This
is my final installment in a series devoted to a specific
example in the Apama EPL. I began this example by describing the basic design pattern of
a consumer/producer. Further enhancements enabled multiple
consumers and as a result the instance
idiom. Finally below, I will again enhance
this consumer/producer by illustrating how one can leverage multi-core
processors for massive scalability and parallelism.
As I have mentioned before, instances or 'sub-monitors' as
they're often referred to in the Apama EPL define a discrete unit
of work. That unit of work represents a set of business logic however
large (a complete application scenario) or small (a simple analytic).

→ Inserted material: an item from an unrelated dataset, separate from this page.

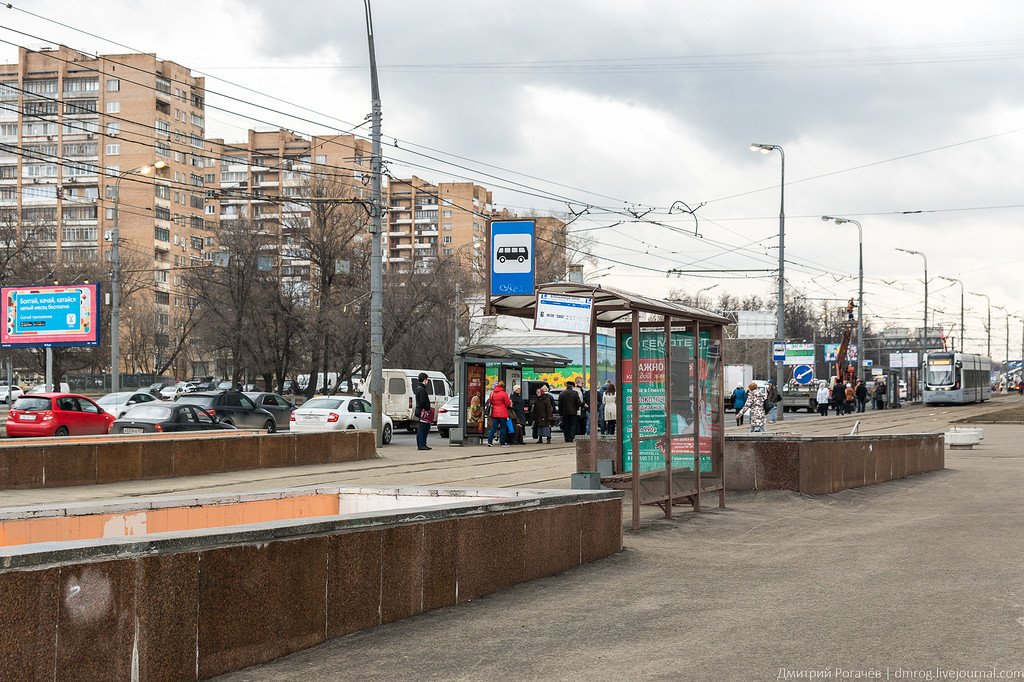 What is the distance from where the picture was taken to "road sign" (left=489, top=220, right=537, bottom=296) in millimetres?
24844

Instances are created on demand using the spawn operator in
the language. Each scenario instance is invoked with a unique set of
input parameters that represent that occurrence. Each instance can then
uniquely maintain its own reference data, timers and event streams, in
effect its own state. In general programming patterns this is
known as a factory
behavioral model but we've extended it to include an execution
model.
To provide a means to leverage multi-core processors, the Apama EPL
provides a syntax and a simple semantic to allow those instances to
execute in parallel. We do this with a language feature called contexts.
These are
silos of execution which take the factory model to the next level. A
context defines a logical container that holds and executes instances
of a scenario (of the same or differing types). The EPL provides a
semantic for inter-context
communication, there is no need for mutexes, semaphores or other
locking schemes thus avoiding common deadlock code patterns typical of
imperative languages such as java. Each context
in effect has it's own logical input queue to which events are streamed
from external sources or other contexts. Behind contexts our CEP
engine squeezes the most out of operating system threads to leverage
maximum use of multi-core processors.
The same CEP engine can create multiple contexts (a context pool as
you'll soon see in the code example below), they can be used to hold and execute multiple scenario instances, additionally
those instances can create sub-contexts for additional parallelism. If
for example, these instances are an application for pricing Options and
require a compute-intensive calculation such as Black
Scholes, additional contexts can be spawned for these
calculations. Furthermore, sub-contexts can be designed as shared compute services
to be leveraged by multiple scenario instances running in different
(parallel) contexts.
Contexts take the factory
model and extend it to include a parallel execution
model with a few simple keywords in the EPL as you'll soon see below.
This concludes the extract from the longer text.